**PROVIDED DATA**
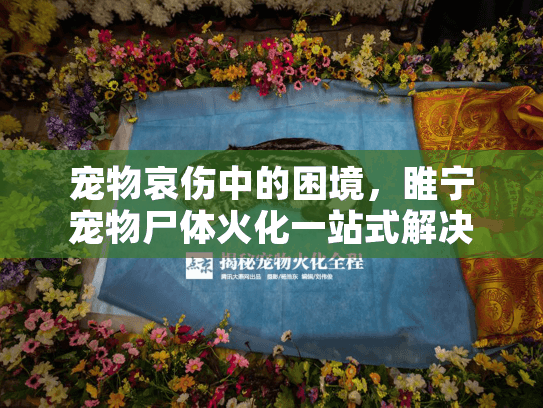 宠物哀伤中的困境，睢宁宠物尸体火化一站式解决方案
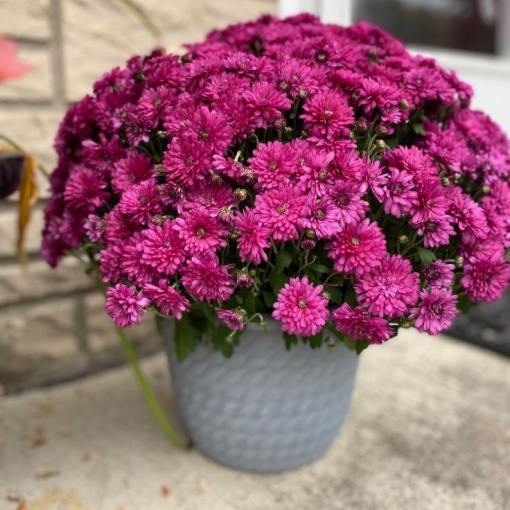 Crizantemă Mov – Ghiveci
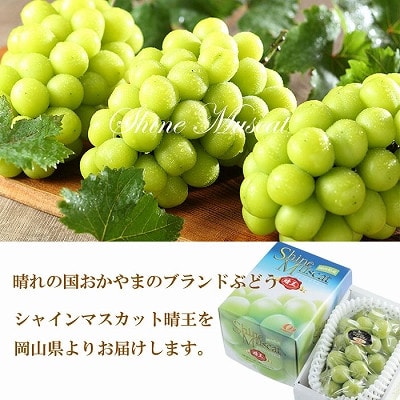【2026年7月中旬より順次発送】岡山県産 シャインマスカット 晴王 700g×1房【配送不可地域：離島・北海道・沖縄県】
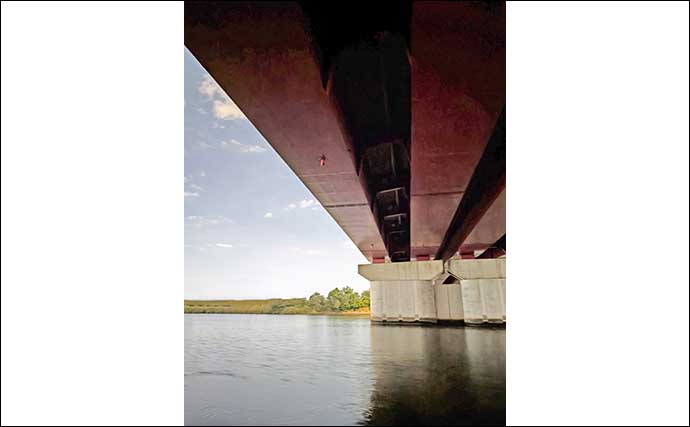 庄内川のリバーシーバスゲームで53cmヒット！【愛知】明暗の境界でスイッチヒッター炸裂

**DESCRIPTION OF THE TASK**
Within the listing above, find the line containing "Crizantemă Mov – Ghiveci", then print it and every line after it exactly, leaving out pictures.

**EXERCISE OUTPUT**
 Crizantemă Mov – Ghiveci
【2026年7月中旬より順次発送】岡山県産 シャインマスカット 晴王 700g×1房【配送不可地域：離島・北海道・沖縄県】
 庄内川のリバーシーバスゲームで53cmヒット！【愛知】明暗の境界でスイッチヒッター炸裂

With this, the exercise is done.